One interesting artifact of the study: Very few retired couples are truly poor, by federal poverty standards. They’re roughly half as likely as single people to be economically insecure. Very few retired couples—no more than 6.2% (in Mississippi) and only 2.6% in Vermont—have incomes below the official U.S. poverty line. 

The forecast for “rainy day” accounts

Proposals for “financial wellness” programs within 401(k) plans sometimes include an emergency fund or “rainy day” fund. If participants had a source of ready cash, the theory goes, they wouldn’t need to take hardship withdrawals or to borrow from their accounts. It would be easier for them to keep their savings “on track.”

The details, however, can be devilish. The obstacles and uncertainties that face plan sponsors or plan providers who contemplate adding a rainy day fund are explored in an October 2017 research paper aptly called, “Building Emergency Savings Through Employer-Sponsored Rainy Day Accounts.”

The paper was produced by A-list retirement researchers: John Beshears, David Laibson and Brigitte Madrian of Harvard, James Choi of Yale, and the duo of Mark Iwry and David John, who co-created the “auto-IRA” model on which state-sponsored workplace IRA plans in California and Oregon are based.

The researchers considered three potential designs for a rainy day fund: an after-tax employee contribution account within a 401(k) plan; a Roth IRA inside a 401(k) plan (aka a “deemed” Roth IRA); and an account that would live at a bank or credit union and would, if regulations allow, feed excess emergency savings back into a 401(k) plan.

Clearly, many uncertainties still exist. The paper focuses on the many questions that would face the sponsor of such a program–about how to invest the contributions, how large the fund should be, how to make sure the accounts are enhancing long-term retirement savings instead of cannibalizing them, and so forth.

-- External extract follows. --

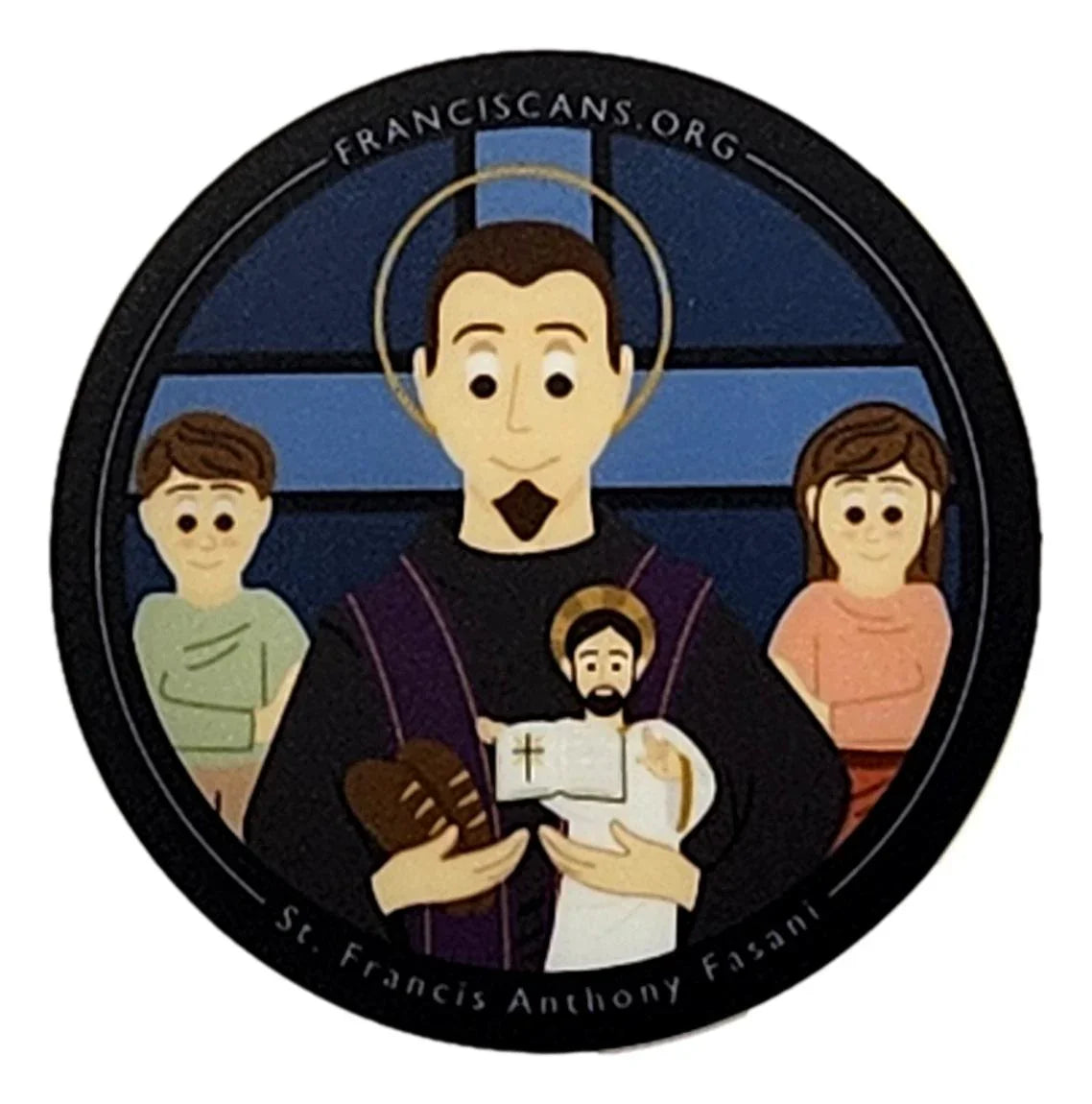 Removable religious design stickers featuring Ysleta Mission motifs, colorful and suitable for decorating or gifting.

The data points to a huge need for rainy day funds. “Forty-six percent of U.S. adults report that they either could not come up with $400 to cover an emergency expense” without borrowing or selling something, the authors write. “Among households whose head is age 61-70, median liquid net worth is $6,213, while the 25th percentile is $1.”

The case against ‘Rothification’  

The Center for Retirement Research (CRR) at Boston College opposes “Rothification” of 401(k) plans. Its economists consider the idea, only recently shelved by Congress, to be a revenue-generating “gimmick” rather than a good-faith attempt to improve the retirement system. 

“Many better options exist if Congress wants to focus on improving the retirement system,” write CRR director Alicia Munnell and staff economist Gal Wettstein in a brief entitled, “Dodged a Bullet? ‘Rothification’ Likely to Reduce Retirement Saving.”  

A switch to Roth 401(k)s would reverse the current system, in which contributions are tax-deductible and withdrawals in retirement are taxed as ordinary income. Eliminating the tax deduction for contributions to 401(k) plans, Munnell and Wettstein claim, might have unpleasant unintended consequences, like eliminating an important incentive to save.

For the present, Congress has dropped its original Rothification proposal, which would have cannibalized the 401(k) system for near-term tax revenue in order to pay for the large corporate tax cuts. But that’s not very comforting, since it means that they don’t intend to update the flawed 401(k) system, which covers only about half the U.S. workforce at any given time and has no provision for income-generation in retirement.

Munnell and Wettstein recommend making auto-enrollment and auto-escalation of the default contribution rate mandatory. “Changes are also required on the draw-down side so that retirees do not either spend their money too quickly and outlive their savings or spend it too slowly and deprive themselves of necessities,” they write. “And expansion of coverage is needed for the half of private sector workers who have no employer-sponsored retirement plan at work.”